> _Task to carry out_:
Only one stretch of the records below should be repeated. It starts with the line containing "Vând Subaru Forester SH 2009 benzină+GPL" and goes on through the line containing "Signature Shots: Tiger", exactly as written.

(Scraped caption text data)
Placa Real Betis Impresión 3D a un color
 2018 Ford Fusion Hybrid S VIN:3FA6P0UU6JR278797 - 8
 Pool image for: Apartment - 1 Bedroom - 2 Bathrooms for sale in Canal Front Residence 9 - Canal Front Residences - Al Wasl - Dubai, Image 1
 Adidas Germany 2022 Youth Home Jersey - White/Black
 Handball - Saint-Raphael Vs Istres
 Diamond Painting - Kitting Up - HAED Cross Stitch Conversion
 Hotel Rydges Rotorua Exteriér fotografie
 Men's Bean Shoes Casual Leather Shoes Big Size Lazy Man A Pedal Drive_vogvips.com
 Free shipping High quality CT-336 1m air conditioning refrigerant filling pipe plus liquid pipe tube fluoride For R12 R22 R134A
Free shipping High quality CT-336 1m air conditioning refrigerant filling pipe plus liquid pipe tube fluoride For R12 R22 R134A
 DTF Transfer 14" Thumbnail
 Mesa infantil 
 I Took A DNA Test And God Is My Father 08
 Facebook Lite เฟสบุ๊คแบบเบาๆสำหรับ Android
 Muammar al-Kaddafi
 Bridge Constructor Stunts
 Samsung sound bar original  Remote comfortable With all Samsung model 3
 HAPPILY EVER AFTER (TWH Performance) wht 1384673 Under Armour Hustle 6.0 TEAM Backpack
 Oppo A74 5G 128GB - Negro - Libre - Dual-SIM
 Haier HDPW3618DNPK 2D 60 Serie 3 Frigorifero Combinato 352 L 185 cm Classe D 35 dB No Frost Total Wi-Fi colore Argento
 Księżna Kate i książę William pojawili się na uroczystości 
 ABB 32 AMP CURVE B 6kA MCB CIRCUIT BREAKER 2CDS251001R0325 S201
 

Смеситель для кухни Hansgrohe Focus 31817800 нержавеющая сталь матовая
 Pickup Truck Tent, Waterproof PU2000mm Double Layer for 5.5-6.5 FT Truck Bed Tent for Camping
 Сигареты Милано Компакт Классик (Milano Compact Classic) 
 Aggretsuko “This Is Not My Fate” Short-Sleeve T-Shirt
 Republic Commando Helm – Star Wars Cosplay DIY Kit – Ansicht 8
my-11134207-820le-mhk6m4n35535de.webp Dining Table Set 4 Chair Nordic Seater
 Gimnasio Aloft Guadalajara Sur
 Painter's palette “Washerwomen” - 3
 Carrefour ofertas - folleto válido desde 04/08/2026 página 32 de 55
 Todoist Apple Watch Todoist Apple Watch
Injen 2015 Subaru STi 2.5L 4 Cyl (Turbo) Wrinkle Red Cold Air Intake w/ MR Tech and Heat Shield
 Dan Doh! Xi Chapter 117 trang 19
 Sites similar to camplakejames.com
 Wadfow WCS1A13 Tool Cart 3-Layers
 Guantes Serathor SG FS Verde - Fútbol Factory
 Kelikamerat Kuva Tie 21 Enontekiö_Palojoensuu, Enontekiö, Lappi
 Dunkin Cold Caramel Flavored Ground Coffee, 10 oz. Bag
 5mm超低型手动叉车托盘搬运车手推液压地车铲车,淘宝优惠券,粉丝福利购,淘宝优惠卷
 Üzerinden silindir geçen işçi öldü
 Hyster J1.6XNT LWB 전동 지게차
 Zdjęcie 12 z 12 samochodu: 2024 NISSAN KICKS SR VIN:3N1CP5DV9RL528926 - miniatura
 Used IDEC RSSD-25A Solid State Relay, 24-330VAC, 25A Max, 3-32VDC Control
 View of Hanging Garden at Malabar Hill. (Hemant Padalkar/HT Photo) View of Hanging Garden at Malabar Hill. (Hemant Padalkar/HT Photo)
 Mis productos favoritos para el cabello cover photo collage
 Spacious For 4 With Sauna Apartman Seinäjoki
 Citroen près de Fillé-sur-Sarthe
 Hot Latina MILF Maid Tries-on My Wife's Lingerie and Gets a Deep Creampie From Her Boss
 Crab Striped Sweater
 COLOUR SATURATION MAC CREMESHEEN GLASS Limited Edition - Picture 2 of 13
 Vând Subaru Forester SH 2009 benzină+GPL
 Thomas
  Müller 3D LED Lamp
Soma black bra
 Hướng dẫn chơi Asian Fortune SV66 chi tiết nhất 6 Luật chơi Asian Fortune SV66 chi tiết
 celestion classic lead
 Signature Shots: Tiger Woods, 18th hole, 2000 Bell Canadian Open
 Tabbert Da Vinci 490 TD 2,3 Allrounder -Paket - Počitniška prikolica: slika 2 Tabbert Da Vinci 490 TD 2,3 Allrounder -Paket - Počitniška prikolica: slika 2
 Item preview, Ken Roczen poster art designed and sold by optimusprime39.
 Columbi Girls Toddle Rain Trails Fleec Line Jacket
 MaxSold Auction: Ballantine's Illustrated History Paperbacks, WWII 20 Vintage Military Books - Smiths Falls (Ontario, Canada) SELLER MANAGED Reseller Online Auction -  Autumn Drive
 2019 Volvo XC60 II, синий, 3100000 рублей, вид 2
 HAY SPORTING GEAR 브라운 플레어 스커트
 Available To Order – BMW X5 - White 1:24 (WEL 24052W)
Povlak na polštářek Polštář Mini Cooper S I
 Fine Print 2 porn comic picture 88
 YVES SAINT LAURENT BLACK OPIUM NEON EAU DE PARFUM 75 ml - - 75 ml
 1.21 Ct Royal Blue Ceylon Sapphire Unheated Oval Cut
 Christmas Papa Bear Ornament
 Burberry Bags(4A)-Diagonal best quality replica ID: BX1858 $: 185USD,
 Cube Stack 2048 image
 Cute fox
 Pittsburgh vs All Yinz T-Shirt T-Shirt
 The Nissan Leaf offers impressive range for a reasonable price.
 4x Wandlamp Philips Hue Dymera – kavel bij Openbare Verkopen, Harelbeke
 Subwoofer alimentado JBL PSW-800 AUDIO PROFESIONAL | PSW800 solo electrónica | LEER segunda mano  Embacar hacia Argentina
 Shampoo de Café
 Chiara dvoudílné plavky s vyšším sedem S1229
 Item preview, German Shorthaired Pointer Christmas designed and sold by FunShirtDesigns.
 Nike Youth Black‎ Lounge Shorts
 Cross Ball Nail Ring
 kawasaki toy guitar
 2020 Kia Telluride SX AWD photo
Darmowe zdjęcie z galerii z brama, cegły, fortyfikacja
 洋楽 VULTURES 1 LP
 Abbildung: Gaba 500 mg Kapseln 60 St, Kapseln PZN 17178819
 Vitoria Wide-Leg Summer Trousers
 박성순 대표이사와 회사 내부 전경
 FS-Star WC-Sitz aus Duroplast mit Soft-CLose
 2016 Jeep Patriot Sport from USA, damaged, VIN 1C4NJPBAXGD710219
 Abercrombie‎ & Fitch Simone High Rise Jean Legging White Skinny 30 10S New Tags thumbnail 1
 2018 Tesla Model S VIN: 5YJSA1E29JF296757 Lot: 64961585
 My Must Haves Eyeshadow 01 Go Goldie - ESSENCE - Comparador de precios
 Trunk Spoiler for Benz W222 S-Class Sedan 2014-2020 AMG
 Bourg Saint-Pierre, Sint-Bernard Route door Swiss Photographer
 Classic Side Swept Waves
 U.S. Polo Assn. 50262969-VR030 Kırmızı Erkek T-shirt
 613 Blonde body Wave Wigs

> _Response box_:
 Vând Subaru Forester SH 2009 benzină+GPL
 Thomas
  Müller 3D LED Lamp
Soma black bra
 Hướng dẫn chơi Asian Fortune SV66 chi tiết nhất 6 Luật chơi Asian Fortune SV66 chi tiết
 celestion classic lead
 Signature Shots: Tiger Woods, 18th hole, 2000 Bell Canadian Open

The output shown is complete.